The five carbohydrates sucrose, glucose, lactose, maltose and fructose
used in the present study are naturally occurring food-associated
carbohydrates. Sucrose, glucose and fructose are the three quantitatively
predominant soluble carbohydrates found in fruits (Kinghorn and
Soejarto, 1986) and usually make up more than 90 % of the total sugar
content in fruits (Nagy and Shaw, 1980). Lactose is the predominant
carbohydrate found in milk which is the first diet of mammals. In
primates, milk can contain lactose at concentrations as high as 6-9 g/100
4
ml depending on the species (Hinde and Milligan, 2011). Chimpanzee
milk contains 7.4 g/100 ml of lactose, corresponding to a concentration of
216 mM (Hinde and Milligan, 2011). Maltose contributes to a sweet taste
sensation when the animal is feeding on starch-containing plants during
mastication and via enzymatic degradation starch is converted to sweet-
tasting maltose (Beck and Ziegler, 1989).
The two glycosides stevioside and rebaudioside A used in the present
study are two compounds found in the neotropical plant species Stevia
rebaudiana which is endemic to Paraguay in South America, and belongs
to the plant family Asteraceae (Soejarto, 2002). Stevioside and
rebaudioside A are the two quantitatively predominant substances found
in the leaves of the stevia plant and they are commercially used as low-
calorie sweeteners (DuBois and Prakash, 2012). Further, both substances
have been found to be 100-300 times sweeter than sucrose for humans.
Depending on which reference concentration and psychophysical method
was used, this number may vary (DuBois et al., 1991; Carakostas et al.,
2012; Upreti et al., 2012). Nonetheless, when presented to humans at high
concentrations, these two substances have been reported to have a bitter
side taste (Schiffman et al., 1995).
There are, to my knowledge, no previous studies which assessed the
responsiveness of chimpanzees to any of the sweet tastants mentioned
above except fructose. It was therefore the aim of the present study to
assess the taste responsiveness of chimpanzees to five carbohydrates
(sucrose, fructose, lactose, maltose and glucose) and two steviol
glycosides (stevioside and rebaudioside A) as well as to compare these
results to those of other primate species. To this end, I determined the
taste preference thresholds of Pan troglodytes verus for these seven
substances.
3 Material & methods
3.1 Animals and housing
The present study took place at Borås Zoo in Sweden and included three
West African Chimpanzees (Pan troglodytes verus), one male, Jonathan,
and two females, Pippi and Kankan. Pippi was 48, Kankan 33 and
Jonathan 27 years old at the start of the study. They were housed together
with an additional female which was not included in the study.

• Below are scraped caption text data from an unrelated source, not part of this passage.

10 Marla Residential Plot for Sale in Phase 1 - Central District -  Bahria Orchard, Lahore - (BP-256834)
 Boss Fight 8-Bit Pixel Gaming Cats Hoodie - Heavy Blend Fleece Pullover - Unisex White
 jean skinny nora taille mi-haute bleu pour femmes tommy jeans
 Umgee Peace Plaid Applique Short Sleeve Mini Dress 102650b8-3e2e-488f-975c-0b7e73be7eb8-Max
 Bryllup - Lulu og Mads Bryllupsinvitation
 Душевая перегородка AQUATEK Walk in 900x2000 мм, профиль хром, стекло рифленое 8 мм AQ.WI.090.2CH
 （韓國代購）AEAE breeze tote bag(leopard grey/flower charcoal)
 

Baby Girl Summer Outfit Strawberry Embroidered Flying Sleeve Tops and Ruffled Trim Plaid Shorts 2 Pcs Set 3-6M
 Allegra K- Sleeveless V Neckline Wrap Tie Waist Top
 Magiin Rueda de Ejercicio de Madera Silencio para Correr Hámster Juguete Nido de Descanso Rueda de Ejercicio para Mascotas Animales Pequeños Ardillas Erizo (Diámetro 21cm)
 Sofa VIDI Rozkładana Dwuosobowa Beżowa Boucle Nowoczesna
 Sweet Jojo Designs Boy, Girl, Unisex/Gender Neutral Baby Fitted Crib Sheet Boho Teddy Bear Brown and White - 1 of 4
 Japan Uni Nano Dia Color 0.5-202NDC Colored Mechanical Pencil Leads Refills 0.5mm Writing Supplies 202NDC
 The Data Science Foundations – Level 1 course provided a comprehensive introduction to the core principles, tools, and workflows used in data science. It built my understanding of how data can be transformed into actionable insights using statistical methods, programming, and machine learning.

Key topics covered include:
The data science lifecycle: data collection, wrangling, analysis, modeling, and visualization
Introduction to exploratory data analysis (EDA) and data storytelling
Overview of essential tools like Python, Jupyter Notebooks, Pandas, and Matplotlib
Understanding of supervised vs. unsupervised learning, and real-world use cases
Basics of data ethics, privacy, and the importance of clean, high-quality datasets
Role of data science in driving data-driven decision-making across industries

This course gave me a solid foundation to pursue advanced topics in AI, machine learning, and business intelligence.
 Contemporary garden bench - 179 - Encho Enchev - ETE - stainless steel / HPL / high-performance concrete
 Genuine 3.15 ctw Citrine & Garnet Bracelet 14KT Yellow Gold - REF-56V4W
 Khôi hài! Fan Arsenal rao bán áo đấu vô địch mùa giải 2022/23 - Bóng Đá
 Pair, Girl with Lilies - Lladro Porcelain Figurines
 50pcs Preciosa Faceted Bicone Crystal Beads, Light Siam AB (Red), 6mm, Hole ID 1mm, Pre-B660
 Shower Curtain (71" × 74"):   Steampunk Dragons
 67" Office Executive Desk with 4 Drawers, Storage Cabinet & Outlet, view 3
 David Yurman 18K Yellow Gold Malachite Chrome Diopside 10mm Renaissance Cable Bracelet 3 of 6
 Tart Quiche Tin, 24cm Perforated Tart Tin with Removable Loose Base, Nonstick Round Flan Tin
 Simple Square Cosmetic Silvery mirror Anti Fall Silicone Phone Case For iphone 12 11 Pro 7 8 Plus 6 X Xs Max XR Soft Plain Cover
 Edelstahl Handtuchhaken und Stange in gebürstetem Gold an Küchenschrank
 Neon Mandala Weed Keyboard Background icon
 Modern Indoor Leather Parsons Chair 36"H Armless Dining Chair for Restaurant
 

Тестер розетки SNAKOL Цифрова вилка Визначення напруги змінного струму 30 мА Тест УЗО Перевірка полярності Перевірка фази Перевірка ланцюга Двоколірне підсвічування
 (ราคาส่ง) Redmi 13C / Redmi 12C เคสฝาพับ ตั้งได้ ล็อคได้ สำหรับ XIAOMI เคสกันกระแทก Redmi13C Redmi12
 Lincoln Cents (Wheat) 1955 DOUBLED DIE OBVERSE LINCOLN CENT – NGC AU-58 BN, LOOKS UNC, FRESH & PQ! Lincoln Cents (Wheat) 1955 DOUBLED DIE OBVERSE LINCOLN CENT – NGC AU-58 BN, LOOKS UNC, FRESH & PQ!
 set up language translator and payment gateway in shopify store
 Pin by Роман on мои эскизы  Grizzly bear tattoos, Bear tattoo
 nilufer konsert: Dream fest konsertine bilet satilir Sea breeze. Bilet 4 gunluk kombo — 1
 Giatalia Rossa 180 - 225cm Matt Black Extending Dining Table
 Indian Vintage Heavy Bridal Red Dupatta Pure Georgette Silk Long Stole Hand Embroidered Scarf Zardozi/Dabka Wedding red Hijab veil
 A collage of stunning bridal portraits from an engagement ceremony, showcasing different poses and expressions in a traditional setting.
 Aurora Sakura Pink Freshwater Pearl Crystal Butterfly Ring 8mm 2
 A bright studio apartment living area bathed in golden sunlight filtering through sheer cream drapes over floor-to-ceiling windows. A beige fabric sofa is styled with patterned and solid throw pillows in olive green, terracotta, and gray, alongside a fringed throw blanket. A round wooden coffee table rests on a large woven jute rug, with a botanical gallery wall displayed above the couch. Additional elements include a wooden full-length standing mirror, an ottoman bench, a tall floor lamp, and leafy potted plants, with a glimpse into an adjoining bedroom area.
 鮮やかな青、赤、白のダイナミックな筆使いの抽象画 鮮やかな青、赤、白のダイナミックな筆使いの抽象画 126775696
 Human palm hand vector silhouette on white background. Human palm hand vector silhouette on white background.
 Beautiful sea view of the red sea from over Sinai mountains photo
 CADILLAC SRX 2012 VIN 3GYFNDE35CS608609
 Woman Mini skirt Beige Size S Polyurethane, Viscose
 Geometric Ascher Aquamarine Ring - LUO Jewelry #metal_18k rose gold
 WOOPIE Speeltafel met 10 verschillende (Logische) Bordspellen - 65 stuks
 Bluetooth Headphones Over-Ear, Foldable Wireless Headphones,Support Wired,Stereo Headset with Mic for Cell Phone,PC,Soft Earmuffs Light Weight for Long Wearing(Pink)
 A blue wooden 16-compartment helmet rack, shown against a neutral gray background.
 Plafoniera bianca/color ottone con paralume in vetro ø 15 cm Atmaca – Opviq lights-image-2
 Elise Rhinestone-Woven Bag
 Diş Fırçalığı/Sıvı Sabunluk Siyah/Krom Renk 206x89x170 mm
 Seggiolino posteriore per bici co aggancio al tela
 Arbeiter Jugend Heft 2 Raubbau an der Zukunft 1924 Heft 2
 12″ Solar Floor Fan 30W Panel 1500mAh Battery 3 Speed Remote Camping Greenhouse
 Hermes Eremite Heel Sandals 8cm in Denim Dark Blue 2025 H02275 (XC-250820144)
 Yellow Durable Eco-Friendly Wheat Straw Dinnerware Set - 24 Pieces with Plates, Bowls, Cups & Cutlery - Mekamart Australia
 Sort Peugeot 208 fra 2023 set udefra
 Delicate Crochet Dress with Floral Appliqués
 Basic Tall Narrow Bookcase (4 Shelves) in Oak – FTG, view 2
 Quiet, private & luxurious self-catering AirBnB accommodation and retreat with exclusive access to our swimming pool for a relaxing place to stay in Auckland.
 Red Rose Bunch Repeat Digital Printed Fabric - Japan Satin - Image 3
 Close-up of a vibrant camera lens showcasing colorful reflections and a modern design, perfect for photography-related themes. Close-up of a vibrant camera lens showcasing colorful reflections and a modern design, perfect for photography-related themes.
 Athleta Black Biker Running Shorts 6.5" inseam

The chimpanzees were kept in both an indoor and an outdoor enclosure.
During the nights they were kept indoors in a room measuring 450 m3 (70
m2) and during daytime they were kept in a room of 750 m3 (142 m2).
5
During daytime they were also allowed to go outside on an island with
natural vegetation measuring 560 m2. A narrow corridor connected the
daytime enclosure and the outdoor enclosure and next to it, there was a
small room measuring 100 m3 (12 m2) which was the room Jonathan and
Pippi were tested in.
The chimpanzees were fed three times a day with a large variety of
vegetables and fruits such as carrots, tomatoes, cucumber, salad, onions,
strawberries, blueberries, grapes, oranges, and apples. In addition, the
chimpanzees were fed commercial primate chow pellets once a day and
provided with water ad libitum.
Figure 1. The female chimpanzee Kankan included in the study at Borås Zoo.
3.2 Taste stimuli
Seven sweet-tasting substances were used in this study, the five
carbohydrates sucrose (CAS# 57-50-1), glucose (CAS# 50-99-7), lactose
(CAS# 63-42-3), maltose (CAS# 6363-53-7) and fructose (CAS# 57-48-
7), and the two steviol glycosides stevioside (CAS# 57817-89-7) and
rebaudioside A (CAS# 58543-16-1). The five carbohydrates were
obtained from Sigma-Aldrich Sweden AB, Stockholm, Sweden. The two
steviol glycosides were obtained from Shanghai Xunxin Chemical Co.
(Shaoxing, China), and Xinghua Green Biological Preparation Co.
(Jiangsu, China). All substances were of the highest purity available
(≥99.5%).
3.3 Experimental set-up
A two-bottle preference test of short duration (1 min) was used to
determine the taste preference thresholds of the chimpanzees (Richter and
Campbell, 1940). Three different drinking stations were built and placed
in three different places of the enclosure, one for each test subject. The
6
reason for this was to avoid distraction and competition between the
individuals. The drinking stations will be referred to as 1, 2 and 3.
Drinking station 3 was placed on a gate in the daytime enclosure where
Kankan was tested. The other two drinking stations were placed in the
smaller room between the daytime enclosure and the outdoor enclosure.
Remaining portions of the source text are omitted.